● What you need to do
Return each line of the records with nothing changed, pictures excepted.

Short descriptive text snippets
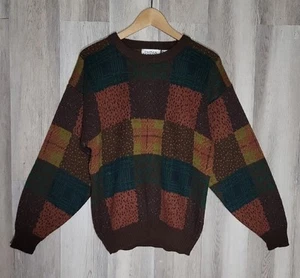 Prima Maglia Mens Medium Vintage Wool Sweater Colorblock Squares Knit 80s 90s - Imagen 1 de 7
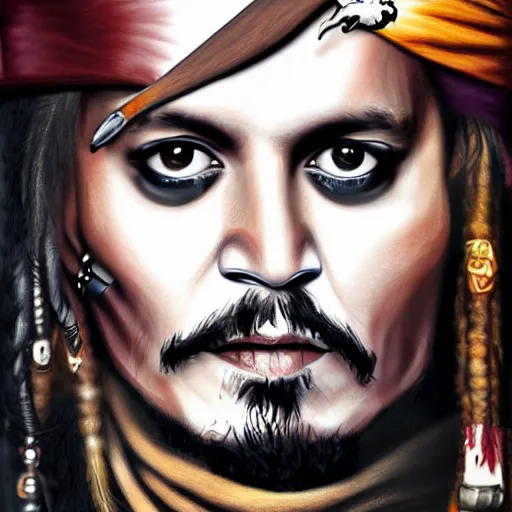 Image similar to portrait of johnny depp as captain jack sparrow, highly detailed, centered, solid color background, digital painting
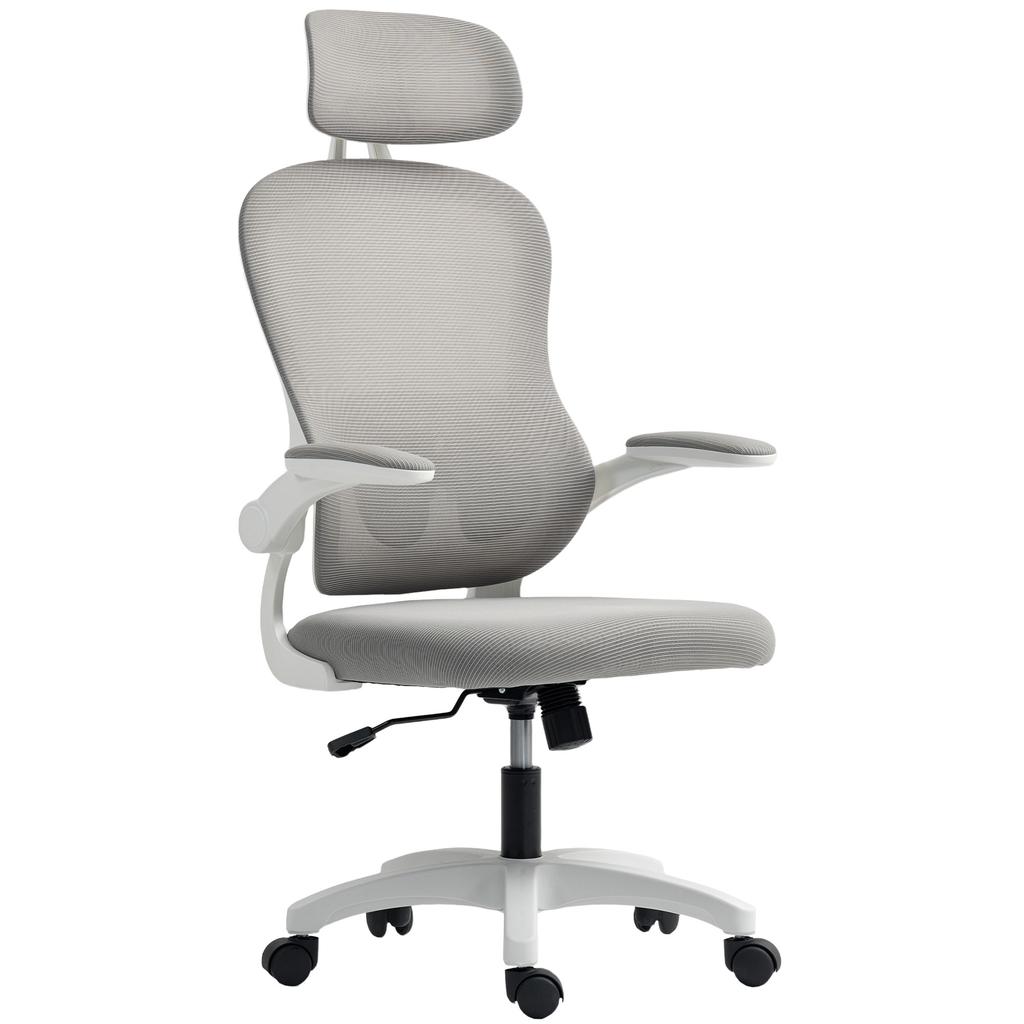 Ergonomic Office Chair, Mesh Backrest, Height Adjustable, Foldable Armrests, 5 Casters, Grey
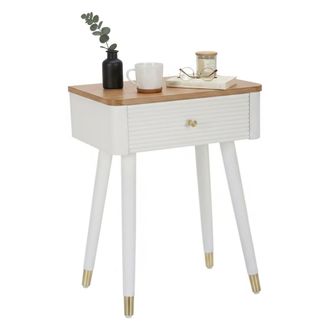 Dmora Dmora - Mesa De Caf&eacute; Bibbiano, Mesa De Centro Baja, Revistero Para Sof&aacute;, Estante De La Sala De Estar, 45x32 H62 Cm, Blanco Y Marr&oacute;n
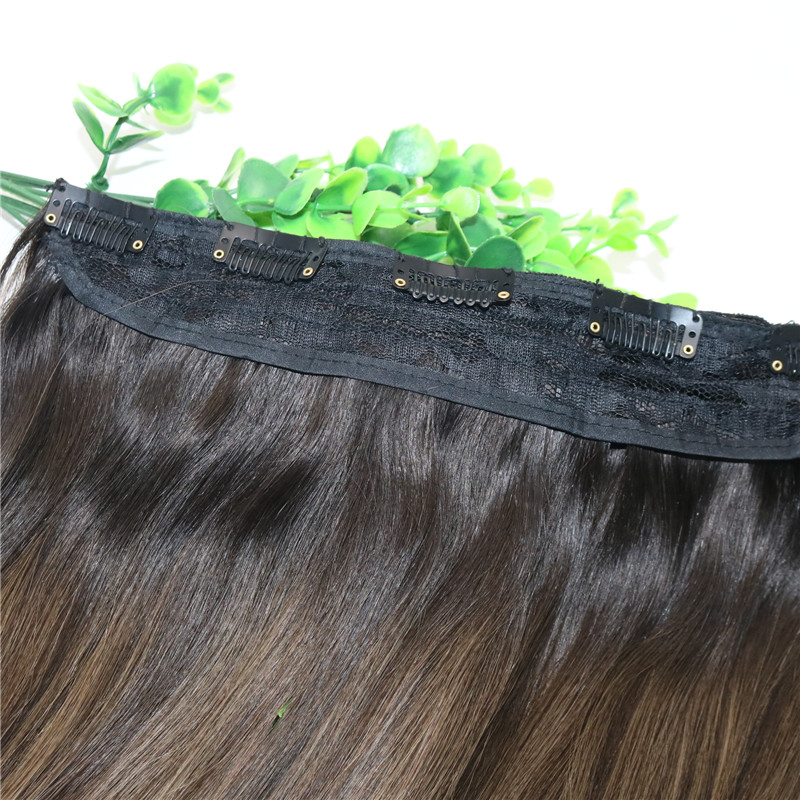 One Piece Clip In Human Hair Extensions 5Clips With Lace Straight Brazilian Virgin Hair Ombre Dark Brown Balayage 2/6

● Expected output
 Prima Maglia Mens Medium Vintage Wool Sweater Colorblock Squares Knit 80s 90s - Imagen 1 de 7
 Image similar to portrait of johnny depp as captain jack sparrow, highly detailed, centered, solid color background, digital painting
 Ergonomic Office Chair, Mesh Backrest, Height Adjustable, Foldable Armrests, 5 Casters, Grey
 Dmora Dmora - Mesa De Caf&eacute; Bibbiano, Mesa De Centro Baja, Revistero Para Sof&aacute;, Estante De La Sala De Estar, 45x32 H62 Cm, Blanco Y Marr&oacute;n
 One Piece Clip In Human Hair Extensions 5Clips With Lace Straight Brazilian Virgin Hair Ombre Dark Brown Balayage 2/6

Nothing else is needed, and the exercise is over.